Langkah ini untuk menertibkan pelanggaran karena banyak kendaraan parkir melebihi kapasitas dan tidak mematuhi baris parkir yang ditentukan, sehingga memicu kepadatan lalu lintas. Sistem parkir on the street ini Suku Dinas Perhubungan (Sudinhub) Jaktim serta UPT Perparkiran Dishub DKI.
Kepala Sudinhub Jaktim, Harlem Simanjuntak, mengatakan solusi penerapan parkir on the street sudah melalui kajian dalam satu tahun terakhir. Uji coba pernah dilakukan pada Februari hingga November 2025 dan penggunaan pembayaran melalui QRIS sudah dilakukan tes pada Februari 2026 lalu.
SCROLL TO CONTINUE WITH CONTENT.
“Sudinhub Jakarta Timur menindaklanjuti laporan masyarakat terkait kondisi parkir di Jalan Mayjen Sutoyo.
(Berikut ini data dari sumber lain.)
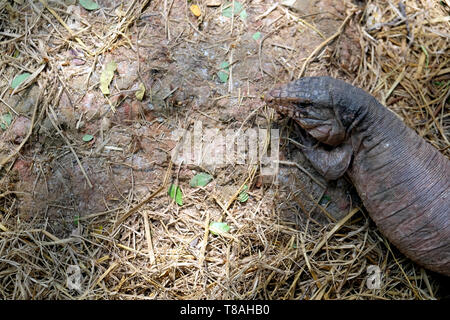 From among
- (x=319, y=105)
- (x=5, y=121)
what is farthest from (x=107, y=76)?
(x=319, y=105)

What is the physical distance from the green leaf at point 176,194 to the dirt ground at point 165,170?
39mm

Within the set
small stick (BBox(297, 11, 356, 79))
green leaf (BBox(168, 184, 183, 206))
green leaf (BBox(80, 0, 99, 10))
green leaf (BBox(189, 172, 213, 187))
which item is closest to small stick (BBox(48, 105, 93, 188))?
green leaf (BBox(168, 184, 183, 206))

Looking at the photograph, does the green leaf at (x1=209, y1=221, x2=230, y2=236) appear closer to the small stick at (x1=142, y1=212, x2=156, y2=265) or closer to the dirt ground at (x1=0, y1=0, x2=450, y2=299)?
the dirt ground at (x1=0, y1=0, x2=450, y2=299)

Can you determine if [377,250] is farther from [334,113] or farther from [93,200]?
[93,200]

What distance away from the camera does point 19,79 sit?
13.3 feet

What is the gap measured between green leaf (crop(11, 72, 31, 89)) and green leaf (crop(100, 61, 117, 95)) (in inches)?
27.7

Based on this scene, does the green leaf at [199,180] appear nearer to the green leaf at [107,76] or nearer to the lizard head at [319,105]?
the lizard head at [319,105]

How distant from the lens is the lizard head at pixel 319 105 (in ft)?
12.3

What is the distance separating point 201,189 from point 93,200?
956mm

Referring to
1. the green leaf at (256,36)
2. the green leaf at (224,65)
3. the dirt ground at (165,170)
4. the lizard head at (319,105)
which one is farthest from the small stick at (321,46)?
the green leaf at (224,65)

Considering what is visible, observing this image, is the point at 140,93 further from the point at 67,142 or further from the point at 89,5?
the point at 89,5

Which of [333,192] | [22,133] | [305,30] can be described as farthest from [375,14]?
[22,133]

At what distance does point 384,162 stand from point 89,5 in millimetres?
3142

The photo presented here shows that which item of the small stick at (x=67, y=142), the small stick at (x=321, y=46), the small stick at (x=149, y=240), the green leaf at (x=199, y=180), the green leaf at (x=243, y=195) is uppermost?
the small stick at (x=321, y=46) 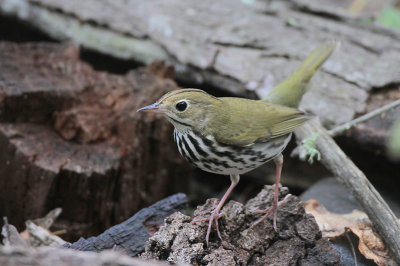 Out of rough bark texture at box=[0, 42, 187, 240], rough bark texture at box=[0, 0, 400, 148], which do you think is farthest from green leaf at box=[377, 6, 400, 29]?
rough bark texture at box=[0, 42, 187, 240]

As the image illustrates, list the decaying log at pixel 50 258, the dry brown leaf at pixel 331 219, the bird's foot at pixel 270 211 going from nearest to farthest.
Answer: the decaying log at pixel 50 258 → the bird's foot at pixel 270 211 → the dry brown leaf at pixel 331 219

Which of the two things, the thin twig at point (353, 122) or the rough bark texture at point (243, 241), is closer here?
the rough bark texture at point (243, 241)

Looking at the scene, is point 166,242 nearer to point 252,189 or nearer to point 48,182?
point 48,182

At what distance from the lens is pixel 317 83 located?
4.25m

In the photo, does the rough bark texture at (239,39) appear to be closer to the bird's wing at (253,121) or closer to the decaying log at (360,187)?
the decaying log at (360,187)

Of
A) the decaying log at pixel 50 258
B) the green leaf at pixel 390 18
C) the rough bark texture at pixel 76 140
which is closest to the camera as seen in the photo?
the decaying log at pixel 50 258

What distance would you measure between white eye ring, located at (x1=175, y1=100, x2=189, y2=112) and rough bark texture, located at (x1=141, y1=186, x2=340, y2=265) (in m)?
0.60

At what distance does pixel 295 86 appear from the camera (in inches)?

Perlu kami jelaskan bahwa pada ruas jalan tersebut memang terdapat pengaturan parkir on street pada titik dan jam tertentu,” jelas Harlem.
Baca juga: Viral Parkir Makan Jalan di Cawang Jaktim, Dishub DKI Koordinasi ke Pedagang
“Namun di lapangan masih ditemukan pelanggaran, yakni kendaraan parkir melebihi kapasitas dan tidak sesuai baris parkir yang telah ditetapkan,” lanjutnya.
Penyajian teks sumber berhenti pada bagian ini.